The NeuroArm, a robot that can perform micro-scale neurosurgery while a patient is undergoing an MRI, has already been used in Canada to remove a 21-year-old patient’s brain tumor. The bot, which uses non-ferrous materials (to avoid interacting with the MRI’s magnets), was acquired by surgical imaging firm IMRIS, and has since been rebranded as the SYMBIS Surgical System. SYMBIS isn’t available for sale yet, but IMRIS already sells specialized MRI systems, which allow for scans mid-procedure.
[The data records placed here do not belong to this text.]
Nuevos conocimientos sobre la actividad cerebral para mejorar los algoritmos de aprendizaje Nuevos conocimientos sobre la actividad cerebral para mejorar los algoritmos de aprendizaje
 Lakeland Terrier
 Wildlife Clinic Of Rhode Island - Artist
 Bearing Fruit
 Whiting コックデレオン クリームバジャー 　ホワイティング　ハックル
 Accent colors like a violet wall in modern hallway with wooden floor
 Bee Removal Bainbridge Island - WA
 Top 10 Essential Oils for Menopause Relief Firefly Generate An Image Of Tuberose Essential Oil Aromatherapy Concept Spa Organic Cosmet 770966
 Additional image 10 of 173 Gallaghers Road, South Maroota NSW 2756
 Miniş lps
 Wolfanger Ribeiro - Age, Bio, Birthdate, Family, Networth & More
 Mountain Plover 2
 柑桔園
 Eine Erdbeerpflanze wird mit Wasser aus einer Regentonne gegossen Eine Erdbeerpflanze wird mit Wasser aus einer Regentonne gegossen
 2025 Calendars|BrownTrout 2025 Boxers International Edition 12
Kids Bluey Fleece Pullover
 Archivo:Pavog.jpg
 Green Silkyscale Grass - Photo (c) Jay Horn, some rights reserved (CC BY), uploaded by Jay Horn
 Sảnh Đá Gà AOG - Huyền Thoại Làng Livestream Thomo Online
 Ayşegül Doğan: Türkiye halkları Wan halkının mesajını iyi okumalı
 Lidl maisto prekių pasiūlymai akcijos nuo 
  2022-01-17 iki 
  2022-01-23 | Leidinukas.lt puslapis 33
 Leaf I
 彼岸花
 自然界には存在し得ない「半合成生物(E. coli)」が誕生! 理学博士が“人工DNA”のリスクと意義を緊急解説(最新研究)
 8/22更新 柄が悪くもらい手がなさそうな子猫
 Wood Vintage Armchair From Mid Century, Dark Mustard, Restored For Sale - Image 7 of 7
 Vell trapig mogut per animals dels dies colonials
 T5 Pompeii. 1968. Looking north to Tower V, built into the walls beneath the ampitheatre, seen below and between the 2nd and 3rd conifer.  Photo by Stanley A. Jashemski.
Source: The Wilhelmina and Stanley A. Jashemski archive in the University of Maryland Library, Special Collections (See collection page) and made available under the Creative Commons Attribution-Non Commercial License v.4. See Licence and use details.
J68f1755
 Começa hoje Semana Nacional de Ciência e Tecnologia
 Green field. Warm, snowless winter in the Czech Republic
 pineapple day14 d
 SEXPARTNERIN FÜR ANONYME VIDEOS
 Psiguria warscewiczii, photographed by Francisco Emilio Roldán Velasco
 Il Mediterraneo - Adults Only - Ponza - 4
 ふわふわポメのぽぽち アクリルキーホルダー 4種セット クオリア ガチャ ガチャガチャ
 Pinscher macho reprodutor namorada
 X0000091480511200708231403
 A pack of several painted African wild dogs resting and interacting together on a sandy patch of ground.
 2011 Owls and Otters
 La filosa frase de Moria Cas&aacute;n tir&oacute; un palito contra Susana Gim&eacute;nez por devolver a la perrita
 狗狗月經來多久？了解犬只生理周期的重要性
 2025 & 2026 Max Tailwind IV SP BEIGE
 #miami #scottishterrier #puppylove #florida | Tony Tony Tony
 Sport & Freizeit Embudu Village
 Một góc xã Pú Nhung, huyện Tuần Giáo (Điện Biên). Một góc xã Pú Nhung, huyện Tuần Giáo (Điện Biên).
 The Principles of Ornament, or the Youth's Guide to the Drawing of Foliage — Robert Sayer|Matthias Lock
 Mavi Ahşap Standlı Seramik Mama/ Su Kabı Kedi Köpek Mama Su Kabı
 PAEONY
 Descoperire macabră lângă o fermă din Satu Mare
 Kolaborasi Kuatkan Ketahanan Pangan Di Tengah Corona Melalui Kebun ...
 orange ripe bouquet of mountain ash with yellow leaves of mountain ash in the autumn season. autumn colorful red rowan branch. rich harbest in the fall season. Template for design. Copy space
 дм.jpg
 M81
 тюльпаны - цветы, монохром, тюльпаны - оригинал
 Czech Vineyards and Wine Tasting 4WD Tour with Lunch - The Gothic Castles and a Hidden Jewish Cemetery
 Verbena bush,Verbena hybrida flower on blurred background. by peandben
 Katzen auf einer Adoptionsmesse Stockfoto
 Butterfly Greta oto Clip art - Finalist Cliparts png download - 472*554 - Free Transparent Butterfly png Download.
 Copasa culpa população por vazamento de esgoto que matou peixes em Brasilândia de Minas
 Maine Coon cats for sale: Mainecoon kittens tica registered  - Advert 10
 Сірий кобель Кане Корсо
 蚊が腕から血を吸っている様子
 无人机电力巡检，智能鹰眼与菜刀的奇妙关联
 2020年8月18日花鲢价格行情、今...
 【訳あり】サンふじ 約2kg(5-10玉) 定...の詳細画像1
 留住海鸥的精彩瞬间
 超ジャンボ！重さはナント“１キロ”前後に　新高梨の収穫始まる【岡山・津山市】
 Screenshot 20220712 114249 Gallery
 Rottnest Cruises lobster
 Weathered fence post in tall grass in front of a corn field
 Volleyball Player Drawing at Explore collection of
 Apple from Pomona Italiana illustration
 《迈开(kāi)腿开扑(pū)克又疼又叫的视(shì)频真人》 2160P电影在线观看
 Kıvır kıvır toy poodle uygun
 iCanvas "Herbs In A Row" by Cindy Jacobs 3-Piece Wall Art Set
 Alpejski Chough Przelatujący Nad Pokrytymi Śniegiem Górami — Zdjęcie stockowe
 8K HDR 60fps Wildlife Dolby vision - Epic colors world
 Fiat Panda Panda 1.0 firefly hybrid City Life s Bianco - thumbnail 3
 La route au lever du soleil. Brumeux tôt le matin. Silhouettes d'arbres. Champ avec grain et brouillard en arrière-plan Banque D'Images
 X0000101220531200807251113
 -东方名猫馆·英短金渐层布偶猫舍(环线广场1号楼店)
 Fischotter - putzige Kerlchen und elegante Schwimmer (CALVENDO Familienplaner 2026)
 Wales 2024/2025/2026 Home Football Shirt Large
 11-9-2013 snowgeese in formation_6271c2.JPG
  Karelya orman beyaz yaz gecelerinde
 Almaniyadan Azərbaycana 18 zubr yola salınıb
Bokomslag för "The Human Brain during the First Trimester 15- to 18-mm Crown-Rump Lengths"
Once it’s cleared for use, SYMBIS would allow the surgeon to image the patient’s brain without removing instruments.

There are other examples of microsurgical bots currently in development, including Johns Hopkins University’s Steady-Hand Eye Robot, which deals solely with retinal procedures, and Carnegie Mellon University’s Micron, a handheld robotic instrument that would use gyroscopes and actuators to actively boost the precision of the surgeon. All of these systems are years and possibly decades from use, if they make it to market at all. But Intuitive Surgical’s interest in microsurgery is a clear indication of what’s to come. Despite a series of lawsuits leveled at the company in 2013, and the subsequent negative media coverage and pummeling in the stock market, Intuitive is the biggest maker of surgical robots, and one of the driving forces in the entire robotics industry, with systems that routinely sell for more than $2M, and more than 200,000 da Vinci procedures conducted yearly. And according to Mohr, adding micro-scale capabilities might not require entirely new robots, but rather new instruments and other modular components that would attach to some portion of the more than 2500 da Vinci’s already installed worldwide.

For us prospective patients, it doesn’t necessarily matter who makes microsurgery more accessible. What matters is that it’s coming. “We as a medical community haven’t made a lot of therapies that require that kind of super microscopic view and manipulation, because those are at the limit of what the human hands can do at unscaled motion,” says Mohr. “But if we kind of break that barrier, I think it will unleash a lot of new therapies that will have profound effects on patients’ lives.”